It was probably just another video. Tess tends to send videos. Not of Bruce or anyone else they know. Videos from the internet. Videos that her friends send her, their saccharine little messages still attached when Tess forwards them to Joanie: “Hang in there!” “Brought tears to my eyes—there’s still hope!” and worst of all, “This man was in a coma for eighteen months. You’re right to keep Bruce going, Tess. Keep the faith, woman, keep the faith.” 

Joanie doesn’t watch Tess’s videos anymore. Can’t watch them. She knows the drill: some lost cause who everyone had given up on except for one person, usually the wife. And then one day the poor thing pops out of bed when everyone least expects it and walks his daughter down the aisle or something like that. It’s a miracle, everyone says. It’s a miracle, Tess says. Not knowing the exact condition of the stranger or how it relates to the exact condition of Bruce. Not knowing the real facts of the story. Not caring to know. Then bursting into tears and thanking God for sending her YouTube messages from heaven. 

Joanie looks down at Oprah. Bad theology. The world is full of bad theology. 

The waiting room door opens, and a woman asks for a Mrs. Lundy. 

“That’s me,” Joanie says. When she stands she looks for her purse, forgetting that she’s handed it to the woman behind the desk. “Well,” she says, “Here I am. Is it time?”

“Right this way, Mrs. Lundy. You have someone picking you up afterward? Mr. Lundy?” 

“No, that’ll be Mr. Pritchard.” 

“And Mr. Pritchard is your . . .”

“He’s my husband. Lundy’s my maiden name.”
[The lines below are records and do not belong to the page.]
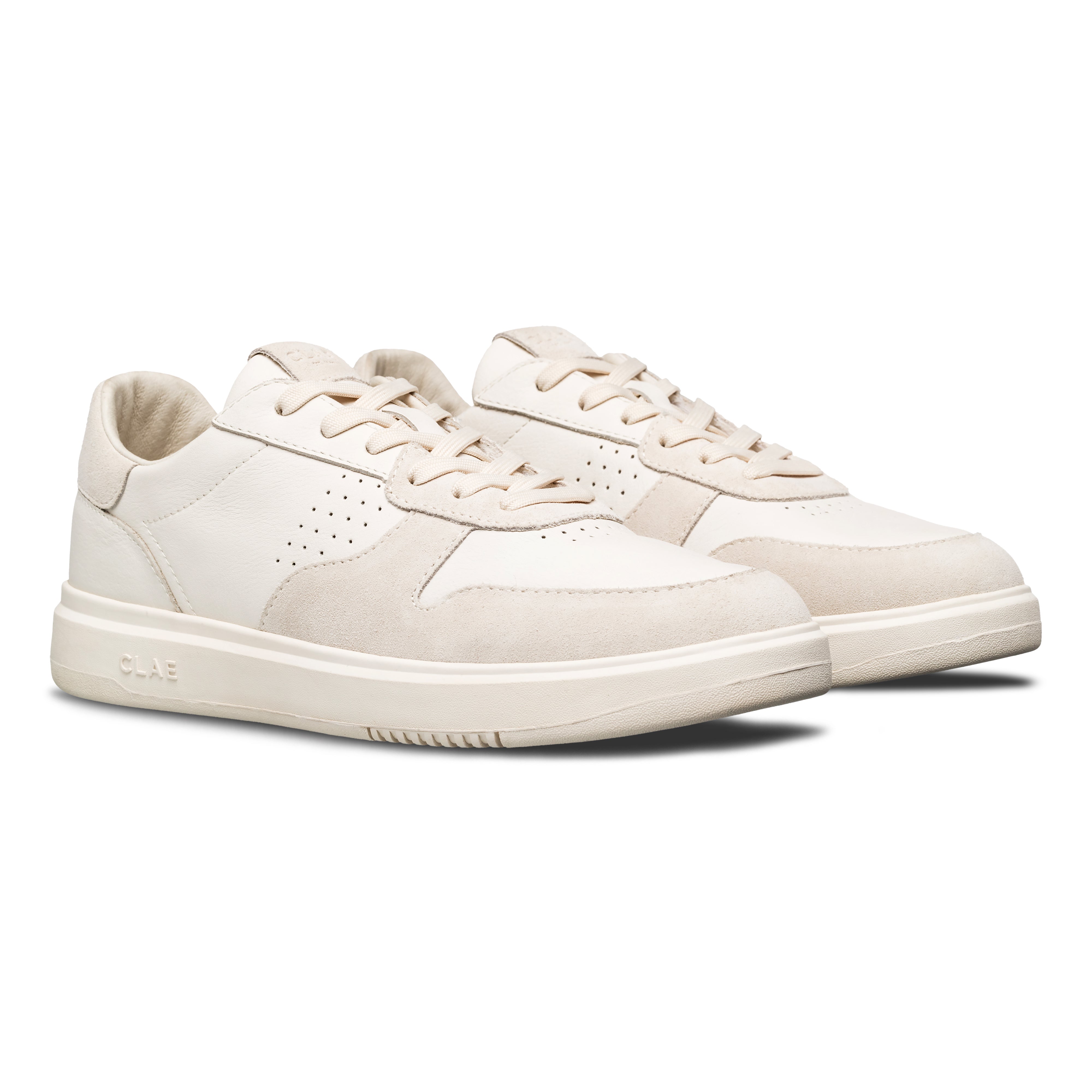 Three-quarter view of Moses sneaker in Triple Off-White, highlighting premium materials and All Court (AC) outsole construction.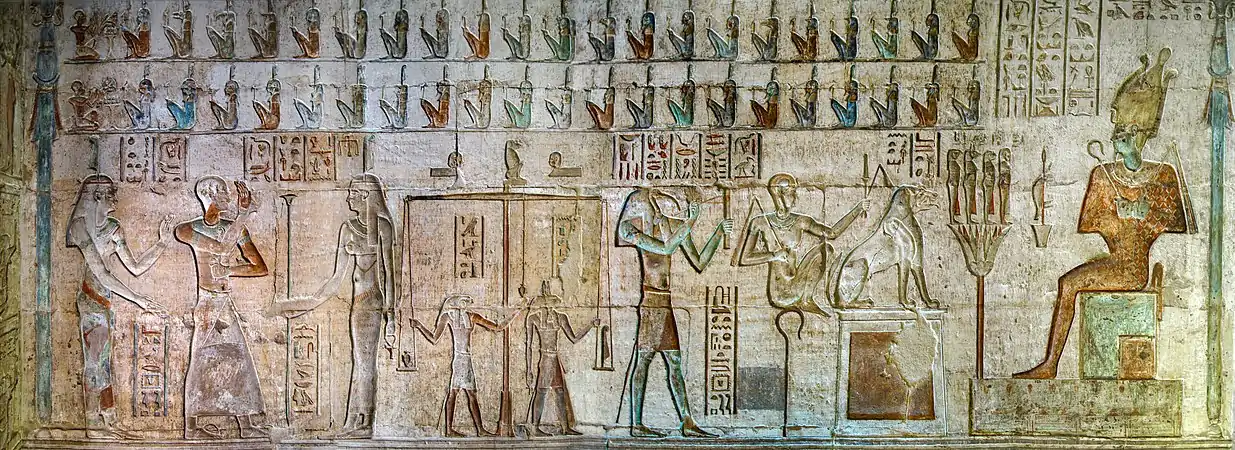 All 42 Judges of Maat are depicted above this scene of psychostasia from the Temple of Hathor at Deir el-Medina. Each of them has on his head the ostrich feather of their mistress Maat.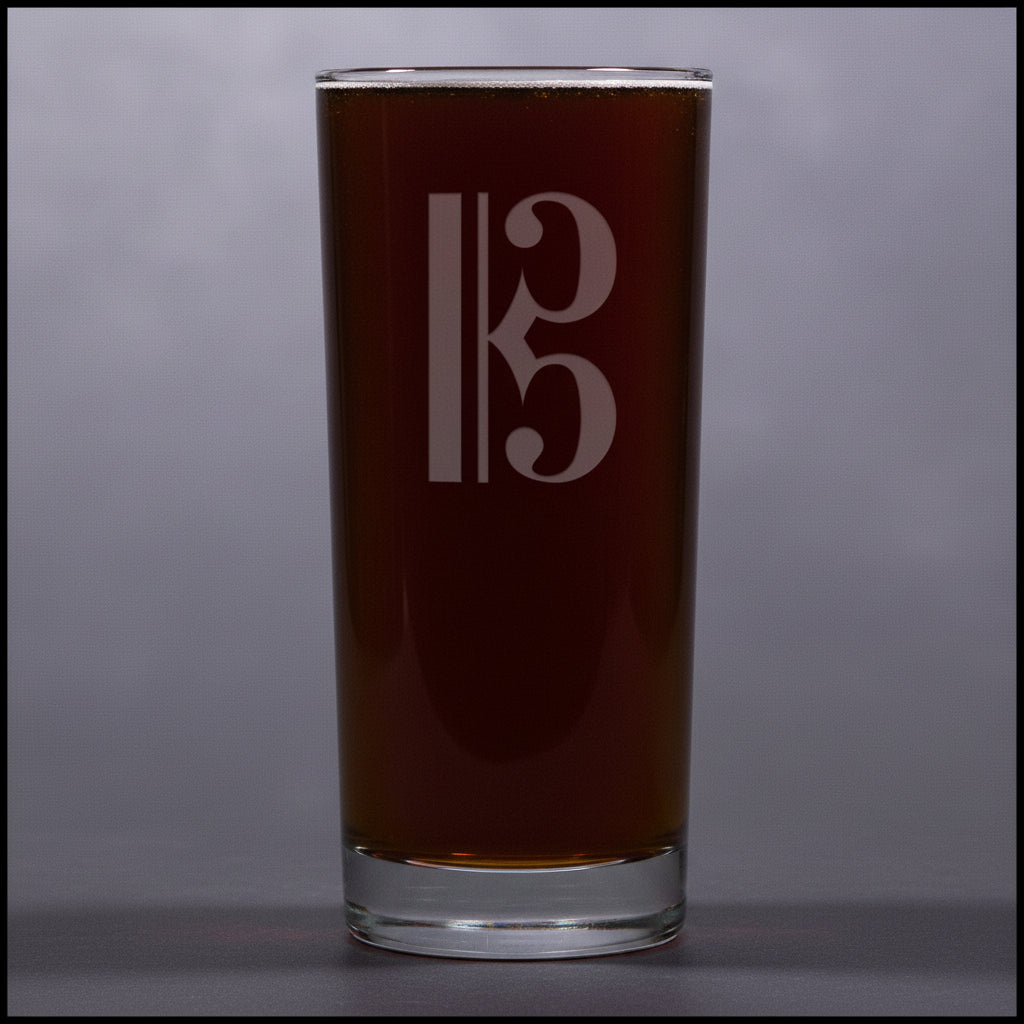 Cooler glass with a alto clef etching on a gray background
“Oh.” The woman looks impressed. “We don’t get a lot of feminists around here.”

“Hope not,” says Joanie. “Hate to have to move.” 

The technician doesn’t know how to take this and Joanie has no intention of instructing her. Instead, she follows this dental technician who has decided—for reasons Joanie cannot fathom—to wear a dress beneath her white coat. And no pantyhose. And Doug Winters—Doug Winters from church—works with this woman. Oh, Lord. Such bad theology. 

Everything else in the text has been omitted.